The Guest Blog

Brook Riley, Friends of the Earth Europe writes:

The European Parliament seems set on categorizing energy efficiency as the unglamorous policy that nobody takes seriously. Tomorrow, the Parliament’s Energy Committee (ITRE) will vote on a report on the Energy Efficiency Action Plan – the communication from the European Commission which first proposed a 20% energy savings target for 2020.

The main problem with the Action Plan is that – unlike the renewable energy and CO2 emissions reduction targets – it failed to set mandatory legislation. As a result, Member States have largely ignored the 20% objective.

The ITRE committee report (started in July) was supposed to help change this, highlighting the benefits of energy savings and calling for tougher policies to meet the 2020 target. Instead, we’ve seen dogged efforts from some prominent centre right MEPs (led by the chairman of the ITRE committee, Mr Herbert Reul) to bury recommendations for binding legislation.

Let’s take a look at what they seem so set on turning down. According to a 2008 paper from the Commission, meeting the 20% energy savings target would lead to hundreds of thousands of new jobs (through industrial upgrades, building retrofits), 800 million tons of CO2 reductions (equivalent to 20% cuts below 2005 levels) and over €200 billion annual savings in energy bills between now and 2020. As a comparison, those financial savings add up to more than ten times the amount needed to deliver the 2020 renewable energy target. Meanwhile, cutting down energy requirements would counter the EU’s growing reliance on external energy suppliers. Import dependency currently exceeds 50% of European energy consumption and it makes much better sense to invest in energy savings than in new pipelines from Russia and North Africa.

Clearly, the EU should get serious about meeting the 2020 energy savings target. And while a mandatory target is no golden solution, it shows commitment and encourages investment. Many in the Parliament are aware of this. While ITRE has vacillated, the Parliament’s Environment committee has been bolder. Its opinion report on ITRE’s Energy Efficiency Action Plan (all interested committees have the right to comment) underlines the major economic, social and environmental advantages of energy efficiency. With a majority of 46 to 7, the Environment committee recommended a binding 25% target for 2020.

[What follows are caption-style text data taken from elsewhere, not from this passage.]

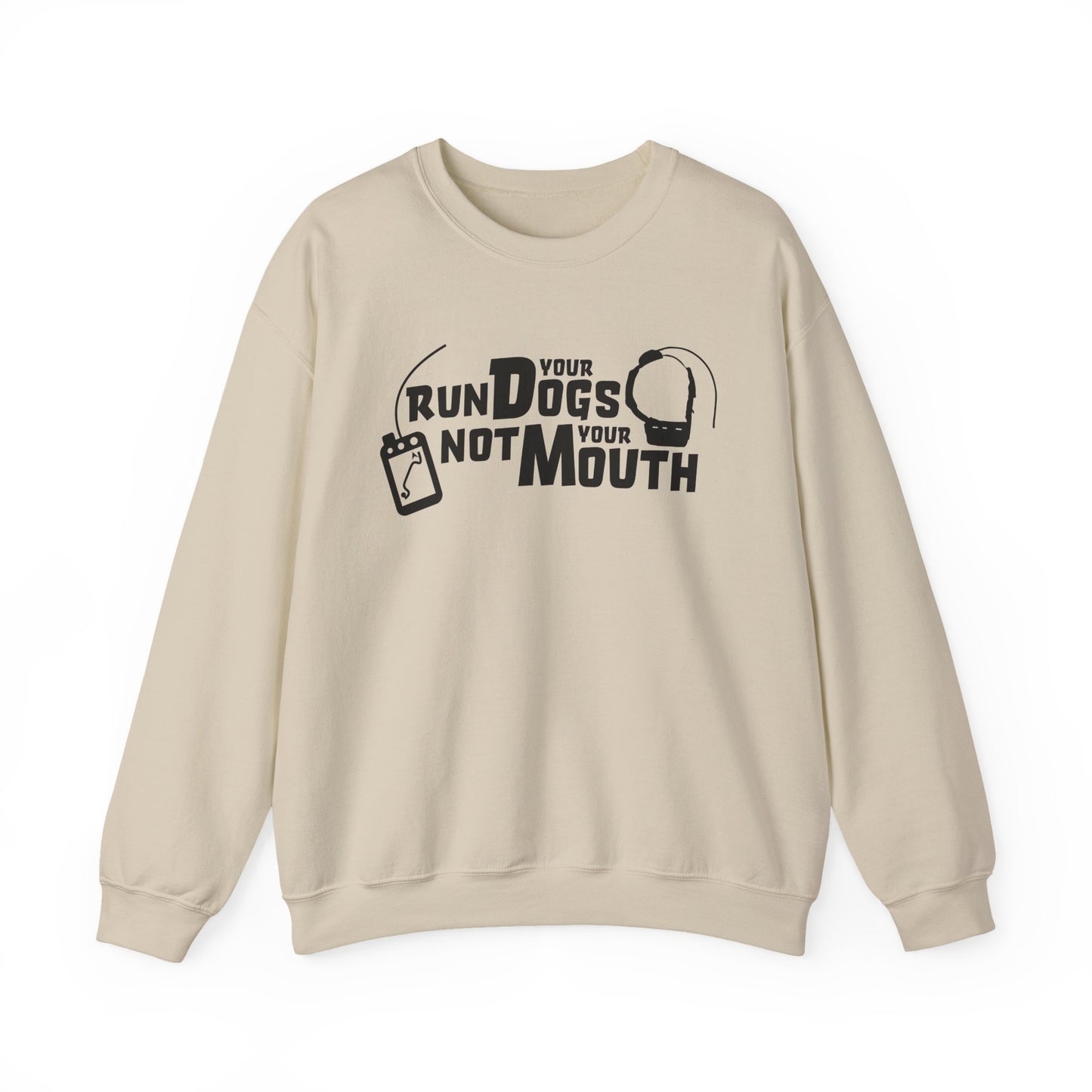 Run Your Dogs, Not Your Mouth - Sweatshirt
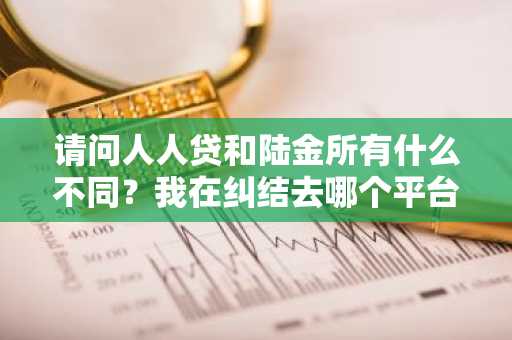 请问人人贷和陆金所有什么不同？我在纠结去哪个平台借款。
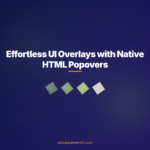 Effortless UI Overlays with Native HTML Popovers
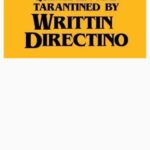 QUENTINEN AND TARANTINED BY WRITTIN DIRECTINO Printed T-Shirt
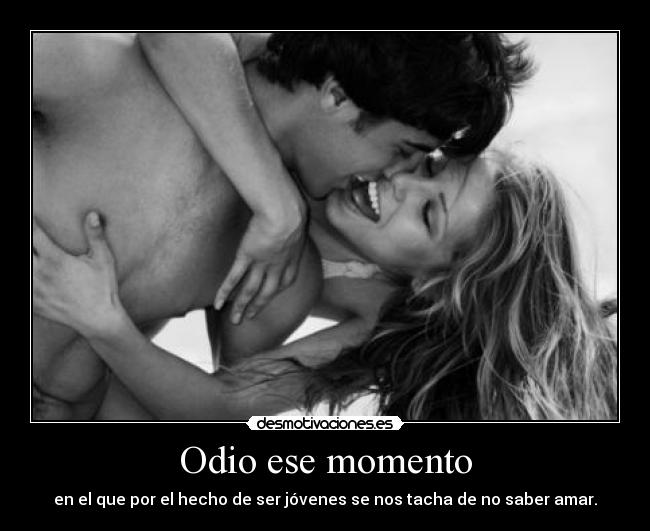 Odio ese momento - en el que por el hecho de ser jóvenes se nos tacha de no saber amar.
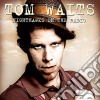 (LP Vinile) Tom Waits - Nighthawks On The Radio (2 Lp) cd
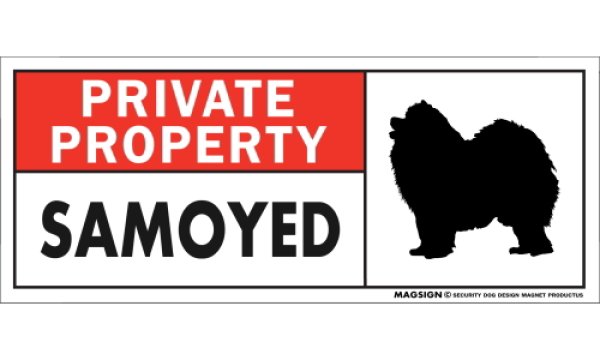 画像1: [MAGSIGN] サモエド マグネット＆ステッカー 犬 英語 私的所有権・プライベート PRIVATE PROPERTY SAMOYED 対象:車(ドア/ガラス/ボディ)・屋外(玄関扉/窓ガラス/メールポスト) 日本製 (1)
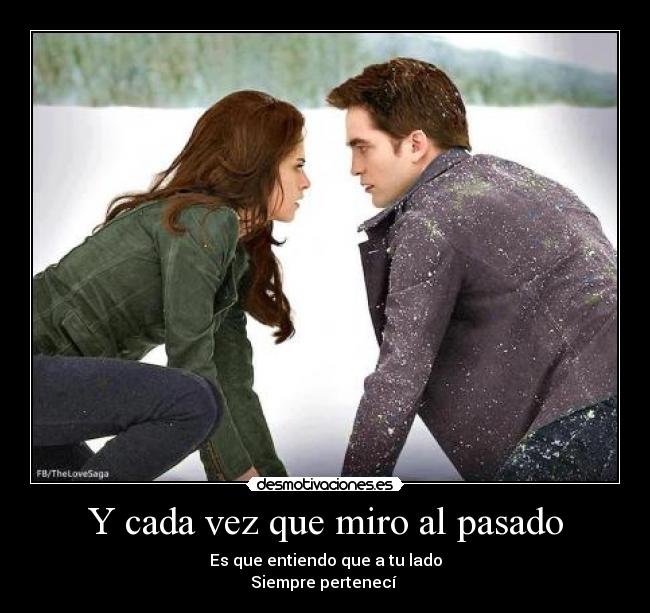 Y cada vez que miro al pasado -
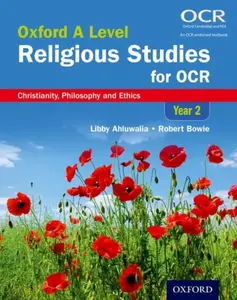 Oxford A Level Religious Studies for Cambridge OCR: Year 2 Student Book - Libby  Ahluwalia, Robert  Bowie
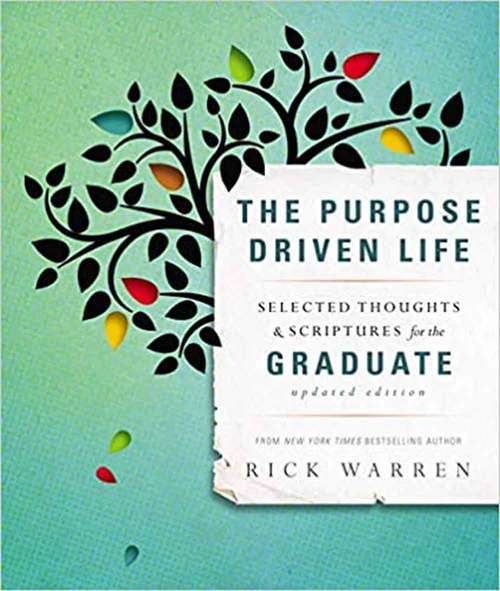 The Purpose Driven Life Selected Thoughts and Scriptures for the Graduate (The Purpose Driven Life)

But a hard core of centre right MEPs in ITRE have other interests to defend. The ITRE chairman, Mr Herbert Reul, supports ongoing reliance on coal based electricity production. Coal, however, is among the most inefficient and polluting power sources, barely transforming a third of the primary resource into electricity. Perhaps because a mandatory savings target would progressively squeeze coal out of Europe’s energy mix, Mr Reul is a staunch opponent of binding energy efficiency legislation.

Similarly, UK conservative and former ITRE chairman Giles Chichester is a vocal supporter of nuclear energy – a power source which is just as inefficient as coal, but with the added risk that no solution has been found for radioactive waste storage. Mr Chichester is also blocking binding legislation.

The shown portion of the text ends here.